Peter Fonda and David Mann: The Mentors
"In going back and looking at Peter Fonda's history in the movie industry," says Stovall, "and coming from that dynasty of a family, I think that at this stage in his career, he is probably just interested in parts in films that matter to him, to say what he wants to say. When we did The Ultimate Gift, I know James Garner expressed to me that this film said what he wanted to say.

"I think Peter Fonda wanted to take this role," he continues, "because you get to a certain point in your career and in your life, you want to do things that matter. You want to do things that live on beyond you and create a legacy that's part of what you stood for. And when Peter Fonda came on to play the old rancher, Jacob Early, in this film, he's a character that would have been alive during the old west in Texas and now, late in his life, he's able to pass along those messages to Gus and Red that become the foundation for The Ultimate Gift and now The Ultimate Life."

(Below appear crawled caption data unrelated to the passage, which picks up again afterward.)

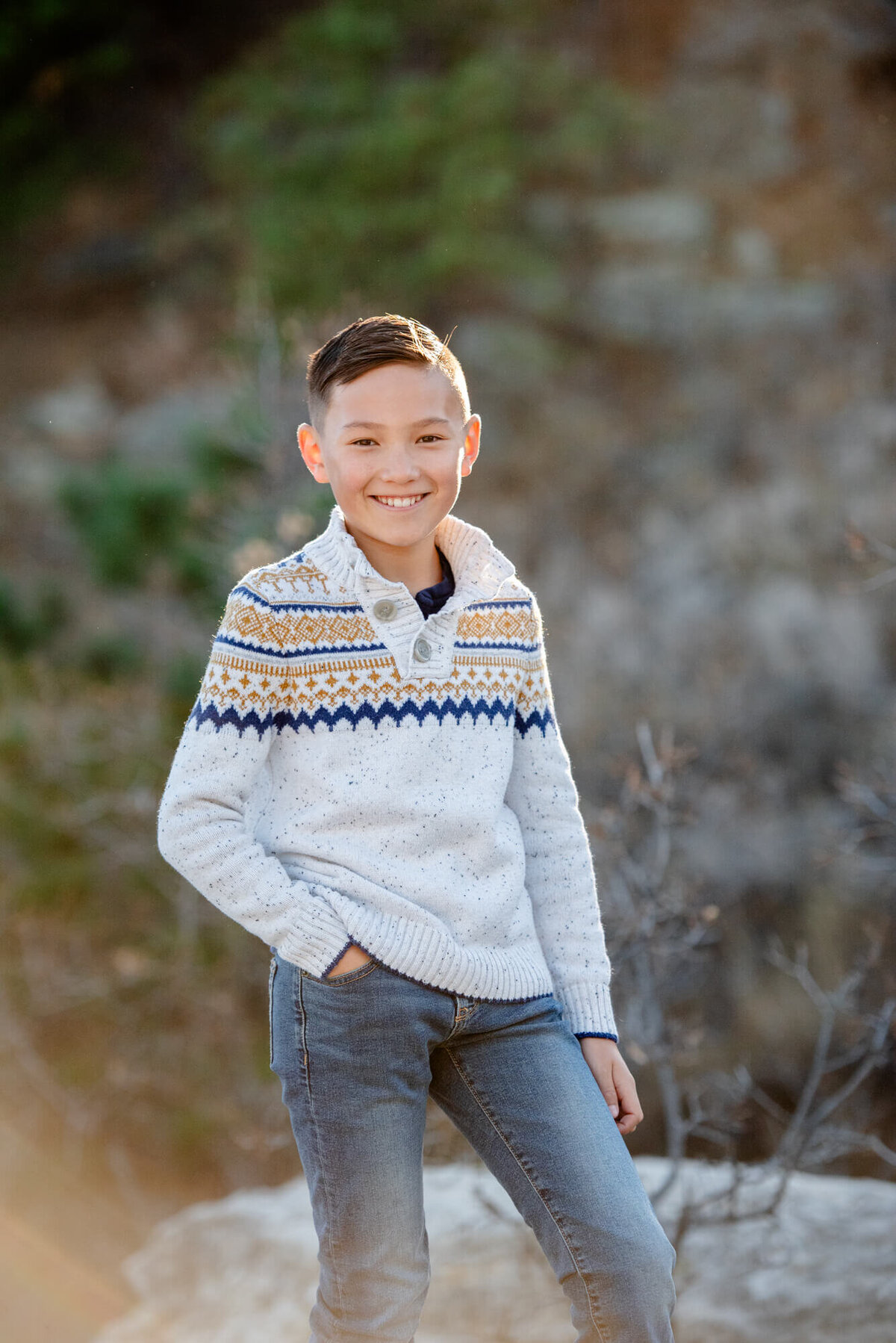 A young boy stands on a trail with a hand in his pocket in a white sweater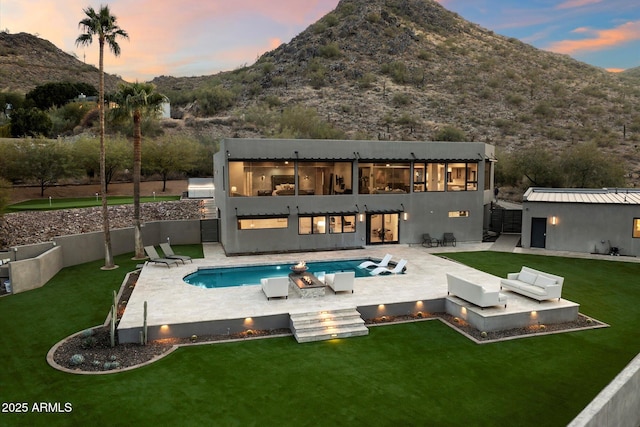 back house at dusk with a fenced in pool, a lawn, a mountain view, and a patio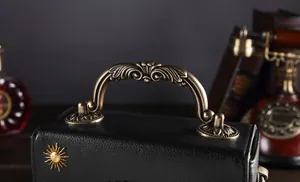 Detailansicht des antiken Bronzegriffs und des Sonnenornaments an einer schwarzen Vintage-Tasche.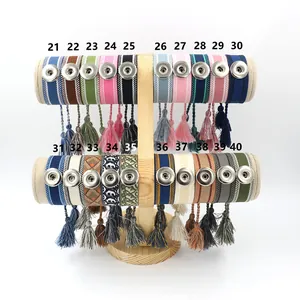 Pulseras étnicas bohemias tejidas con botones a presión y borlas en un soporte de madera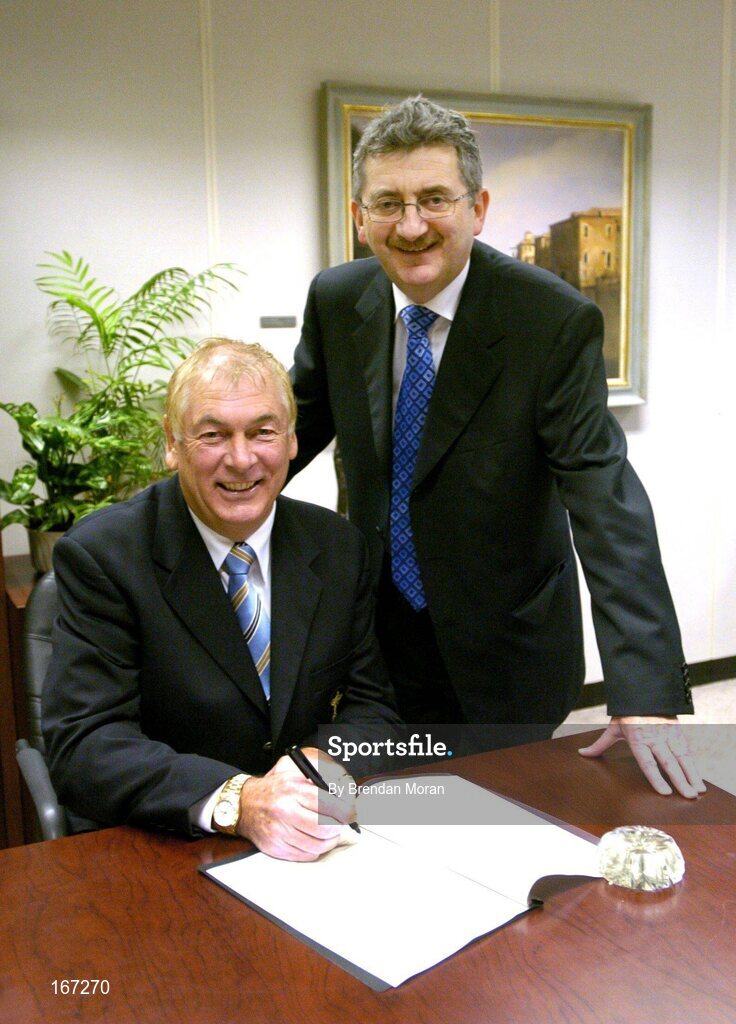 21 February 2005; AIB, one of the partners in Ireland's successful bid to bring the Ryder Cup to Ireland in 2006, has strengthened its Ryder Cup links by signing Christy O'Connor Jnr to be their Ryder Cup ambassador up to and including the event in September 2006. At the signing of a contract in relation to his role as AIB Ambassador for Ryder Cup 2006 with Christy is Billy Andrews of AIB. AIB Bankcentre, Ballsbridge, Dublin. Picture credit; Brendan Moran / SPORTSFILE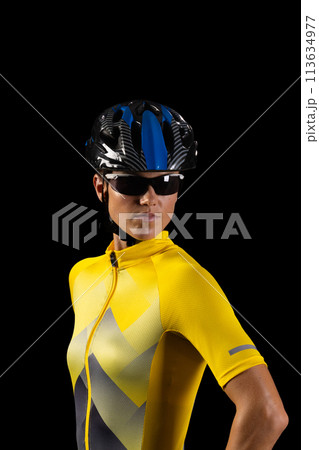 Young Caucasian female cyclist dressed in cycling gear poses confidently Young Caucasian female cyclist dressed in cycling gear poses confidently 113634977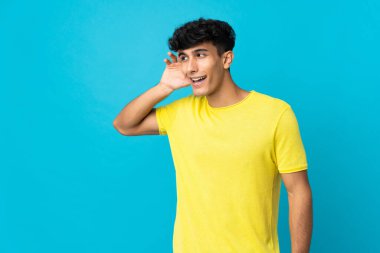 Arjantinli genç adam arka planda izole edilmiş bir şekilde bir şeyler dinlerken elini kulağına koydu.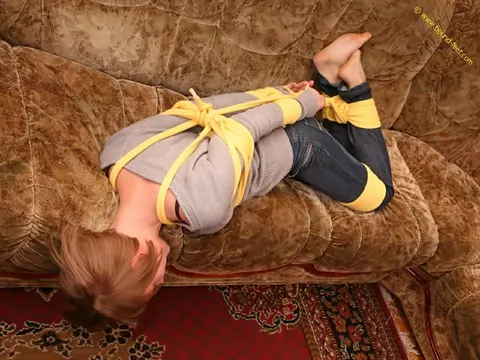 Short-Haired Woman Hogtied in Jeans on the Sofa – photo 13 of 16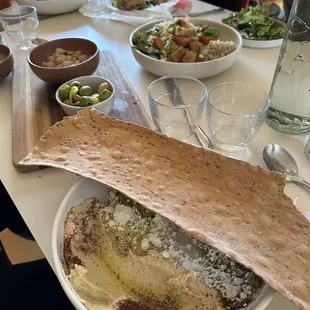 House made hummus and baked cracker with olive tapenade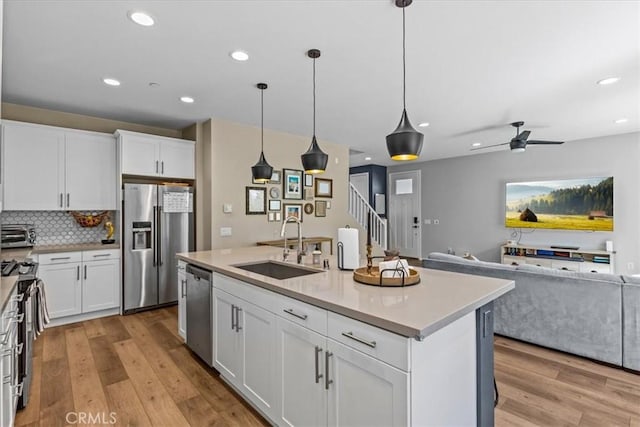 kitchen with light wood finished floors, appliances with stainless steel finishes, open floor plan, white cabinetry, and a sink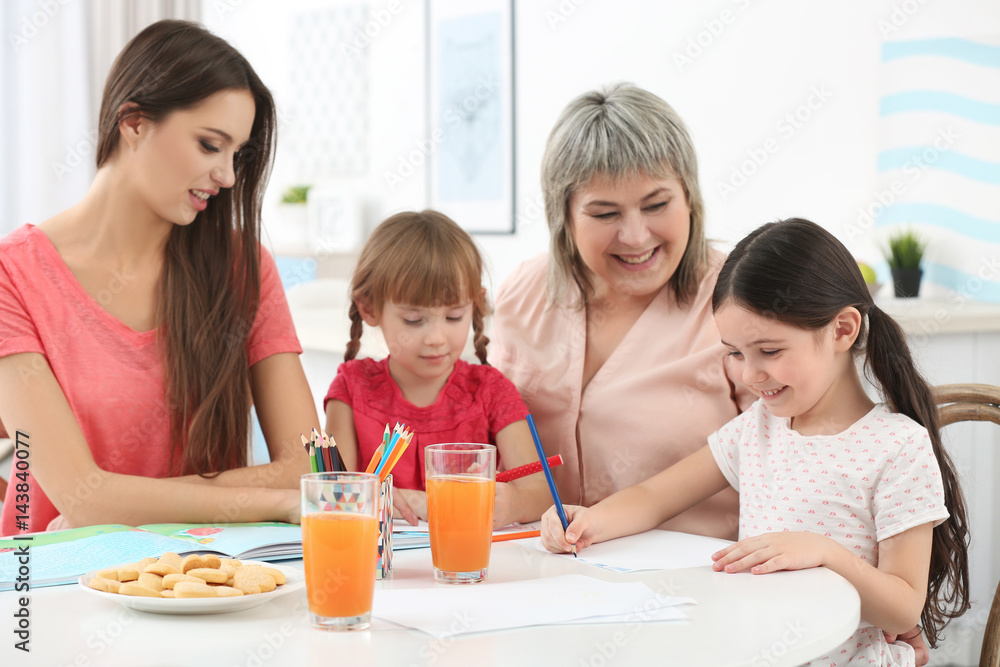 Little girls with grandmother and mother at kitchen table Little girls with grandmother and mother at kitchen table
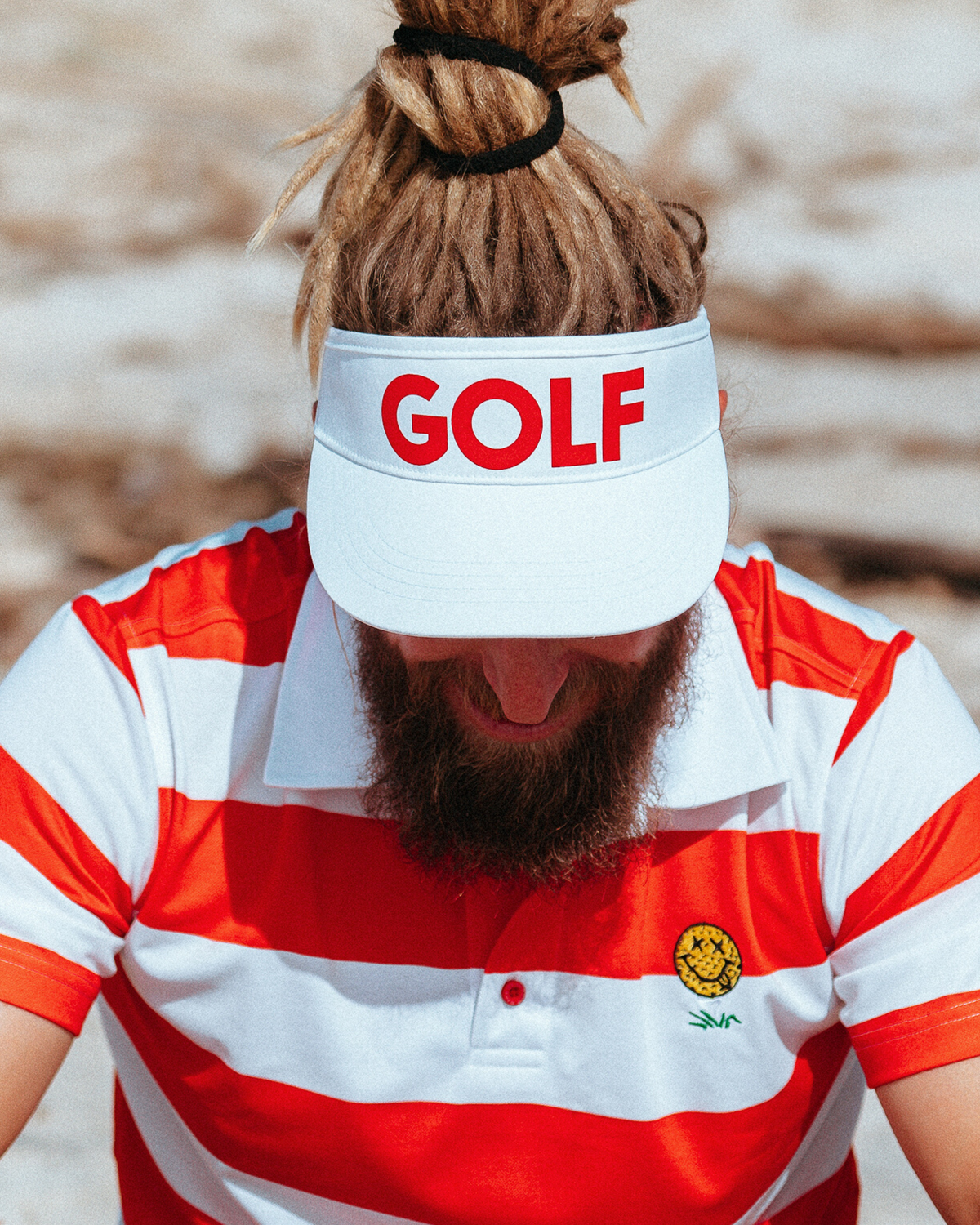 A person wears a white golf visor featuring bold red GOLF text across the front panel.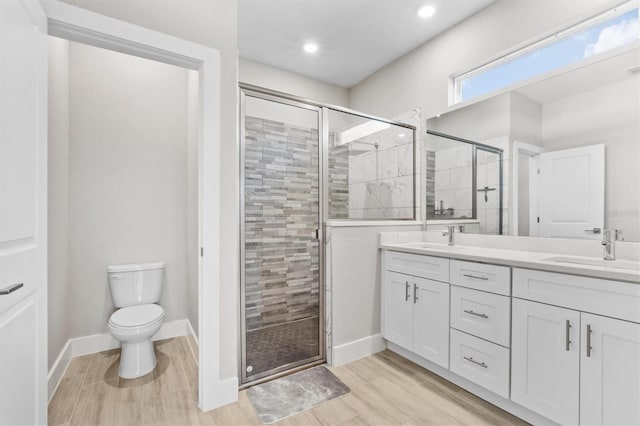 bathroom with a shower with door, vanity, hardwood / wood-style flooring, and toilet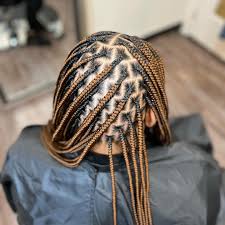 Woman with knotless braids styled for summer in Dallas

"It was great to have Peter Fonda be part of the cast," says Eldridge. "His role is that of Jacob Early, a mentor early on in Red's life. Jacob is a rancher that has had some degree of success and he hires a bunch of day laborers for a week to build a fence. And that's where Gus and Red meet each other but Red, obviously on his journey and looking for something bigger, something better, approaches Early and asks him how to be rich like he is. So he learns from Jacob that there are some lessons of life and leadership and how to become a leader, a bellwether as he calls it.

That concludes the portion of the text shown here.